◆ **Input data**
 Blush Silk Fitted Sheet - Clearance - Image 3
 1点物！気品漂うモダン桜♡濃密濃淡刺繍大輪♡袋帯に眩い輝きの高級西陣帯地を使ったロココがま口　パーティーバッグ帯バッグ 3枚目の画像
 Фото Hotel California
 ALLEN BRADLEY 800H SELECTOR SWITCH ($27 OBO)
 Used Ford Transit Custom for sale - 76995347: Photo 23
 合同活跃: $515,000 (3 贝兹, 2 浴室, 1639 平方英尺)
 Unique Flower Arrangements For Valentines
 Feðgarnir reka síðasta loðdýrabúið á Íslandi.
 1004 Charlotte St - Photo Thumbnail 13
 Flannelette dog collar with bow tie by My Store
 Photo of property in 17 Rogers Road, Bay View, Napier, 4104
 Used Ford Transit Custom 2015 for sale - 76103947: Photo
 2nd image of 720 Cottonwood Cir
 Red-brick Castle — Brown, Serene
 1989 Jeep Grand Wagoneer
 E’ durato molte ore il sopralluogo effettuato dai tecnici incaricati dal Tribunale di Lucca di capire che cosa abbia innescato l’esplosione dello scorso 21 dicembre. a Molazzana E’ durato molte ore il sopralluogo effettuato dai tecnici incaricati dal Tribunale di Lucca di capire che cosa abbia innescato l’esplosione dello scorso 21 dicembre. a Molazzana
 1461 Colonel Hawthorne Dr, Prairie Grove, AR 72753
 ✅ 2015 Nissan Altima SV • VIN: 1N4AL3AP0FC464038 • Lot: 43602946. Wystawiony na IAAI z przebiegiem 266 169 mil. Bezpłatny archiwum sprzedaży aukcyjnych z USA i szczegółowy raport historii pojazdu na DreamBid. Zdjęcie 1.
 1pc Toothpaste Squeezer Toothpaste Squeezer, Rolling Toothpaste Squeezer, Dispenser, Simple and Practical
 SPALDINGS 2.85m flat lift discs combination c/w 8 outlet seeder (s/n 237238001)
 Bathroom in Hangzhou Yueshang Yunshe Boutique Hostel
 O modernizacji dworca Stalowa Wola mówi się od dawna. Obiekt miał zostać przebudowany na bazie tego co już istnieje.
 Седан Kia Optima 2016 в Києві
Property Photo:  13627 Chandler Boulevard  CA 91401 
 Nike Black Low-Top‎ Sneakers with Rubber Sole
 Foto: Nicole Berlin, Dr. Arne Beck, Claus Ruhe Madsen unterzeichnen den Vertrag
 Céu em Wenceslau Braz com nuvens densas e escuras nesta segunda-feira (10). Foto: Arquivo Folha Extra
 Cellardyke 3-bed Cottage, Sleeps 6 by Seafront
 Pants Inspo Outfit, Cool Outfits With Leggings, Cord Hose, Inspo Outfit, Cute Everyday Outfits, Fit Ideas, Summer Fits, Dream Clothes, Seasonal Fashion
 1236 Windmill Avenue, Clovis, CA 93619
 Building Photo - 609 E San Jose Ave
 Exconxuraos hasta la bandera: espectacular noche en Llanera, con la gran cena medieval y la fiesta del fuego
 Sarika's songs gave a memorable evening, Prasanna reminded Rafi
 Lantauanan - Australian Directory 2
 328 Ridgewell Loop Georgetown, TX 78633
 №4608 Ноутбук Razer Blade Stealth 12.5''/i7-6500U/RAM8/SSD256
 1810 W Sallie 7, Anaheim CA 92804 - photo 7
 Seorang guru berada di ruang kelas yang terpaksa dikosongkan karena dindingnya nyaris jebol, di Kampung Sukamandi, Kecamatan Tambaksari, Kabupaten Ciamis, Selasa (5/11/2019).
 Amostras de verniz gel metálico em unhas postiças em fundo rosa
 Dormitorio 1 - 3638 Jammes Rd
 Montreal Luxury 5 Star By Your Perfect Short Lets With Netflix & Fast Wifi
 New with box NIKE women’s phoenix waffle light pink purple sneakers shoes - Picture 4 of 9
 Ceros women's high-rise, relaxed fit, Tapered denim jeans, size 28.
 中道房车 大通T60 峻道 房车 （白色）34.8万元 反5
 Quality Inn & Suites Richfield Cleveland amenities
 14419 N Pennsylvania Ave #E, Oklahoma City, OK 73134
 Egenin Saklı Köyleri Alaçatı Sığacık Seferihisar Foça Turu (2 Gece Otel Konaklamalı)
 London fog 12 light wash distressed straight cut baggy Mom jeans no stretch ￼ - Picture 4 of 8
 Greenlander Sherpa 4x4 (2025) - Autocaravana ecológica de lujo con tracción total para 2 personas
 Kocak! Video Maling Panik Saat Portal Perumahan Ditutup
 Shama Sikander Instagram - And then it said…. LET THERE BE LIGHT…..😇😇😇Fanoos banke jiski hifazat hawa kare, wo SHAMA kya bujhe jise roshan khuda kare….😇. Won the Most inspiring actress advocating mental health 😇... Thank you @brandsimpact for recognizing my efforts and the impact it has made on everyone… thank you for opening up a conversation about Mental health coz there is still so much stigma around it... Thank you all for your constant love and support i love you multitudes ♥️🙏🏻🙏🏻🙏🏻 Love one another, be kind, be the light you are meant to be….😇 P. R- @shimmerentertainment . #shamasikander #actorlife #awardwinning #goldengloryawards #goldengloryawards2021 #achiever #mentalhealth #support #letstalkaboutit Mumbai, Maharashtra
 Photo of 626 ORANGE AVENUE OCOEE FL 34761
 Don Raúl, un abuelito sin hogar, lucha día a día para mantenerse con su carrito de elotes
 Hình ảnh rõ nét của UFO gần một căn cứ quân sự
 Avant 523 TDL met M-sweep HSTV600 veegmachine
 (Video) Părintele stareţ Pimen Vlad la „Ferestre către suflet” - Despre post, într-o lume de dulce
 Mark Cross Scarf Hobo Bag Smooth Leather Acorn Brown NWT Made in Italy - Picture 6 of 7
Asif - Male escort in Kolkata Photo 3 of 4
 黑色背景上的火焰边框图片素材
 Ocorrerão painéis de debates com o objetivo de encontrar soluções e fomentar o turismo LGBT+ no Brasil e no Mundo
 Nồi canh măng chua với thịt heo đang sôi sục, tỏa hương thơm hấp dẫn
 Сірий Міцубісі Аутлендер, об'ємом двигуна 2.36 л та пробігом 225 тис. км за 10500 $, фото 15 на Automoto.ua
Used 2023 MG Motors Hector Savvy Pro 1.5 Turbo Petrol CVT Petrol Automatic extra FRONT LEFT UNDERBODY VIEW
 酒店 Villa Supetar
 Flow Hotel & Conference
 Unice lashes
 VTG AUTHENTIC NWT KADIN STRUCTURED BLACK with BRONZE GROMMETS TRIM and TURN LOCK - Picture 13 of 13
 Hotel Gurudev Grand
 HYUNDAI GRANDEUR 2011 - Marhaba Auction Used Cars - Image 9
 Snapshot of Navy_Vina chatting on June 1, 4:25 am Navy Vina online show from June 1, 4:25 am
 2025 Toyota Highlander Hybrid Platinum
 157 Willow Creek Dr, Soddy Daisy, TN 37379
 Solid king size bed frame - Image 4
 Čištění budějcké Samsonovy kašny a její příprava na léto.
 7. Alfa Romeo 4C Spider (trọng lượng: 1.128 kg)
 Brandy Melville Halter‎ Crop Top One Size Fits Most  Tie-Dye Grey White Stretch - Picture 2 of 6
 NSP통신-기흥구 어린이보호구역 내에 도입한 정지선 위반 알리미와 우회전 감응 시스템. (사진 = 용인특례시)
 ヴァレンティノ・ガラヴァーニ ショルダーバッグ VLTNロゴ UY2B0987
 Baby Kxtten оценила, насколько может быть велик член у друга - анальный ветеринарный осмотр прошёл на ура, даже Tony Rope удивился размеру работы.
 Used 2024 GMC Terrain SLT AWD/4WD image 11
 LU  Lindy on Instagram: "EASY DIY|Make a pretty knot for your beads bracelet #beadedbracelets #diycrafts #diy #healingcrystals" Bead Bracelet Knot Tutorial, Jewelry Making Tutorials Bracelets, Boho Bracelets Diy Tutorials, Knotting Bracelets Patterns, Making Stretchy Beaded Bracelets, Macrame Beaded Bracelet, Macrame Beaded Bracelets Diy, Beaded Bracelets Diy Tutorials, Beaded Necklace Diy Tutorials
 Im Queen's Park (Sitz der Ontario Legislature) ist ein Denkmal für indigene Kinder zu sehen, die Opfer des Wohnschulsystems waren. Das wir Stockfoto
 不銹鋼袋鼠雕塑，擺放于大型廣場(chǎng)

◆ **What you have to do**
Which lines of the records hold the string "Brown"? Copy each one.

◆ **Answer below**
 Red-brick Castle — Brown, Serene
 Mark Cross Scarf Hobo Bag Smooth Leather Acorn Brown NWT Made in Italy - Picture 6 of 7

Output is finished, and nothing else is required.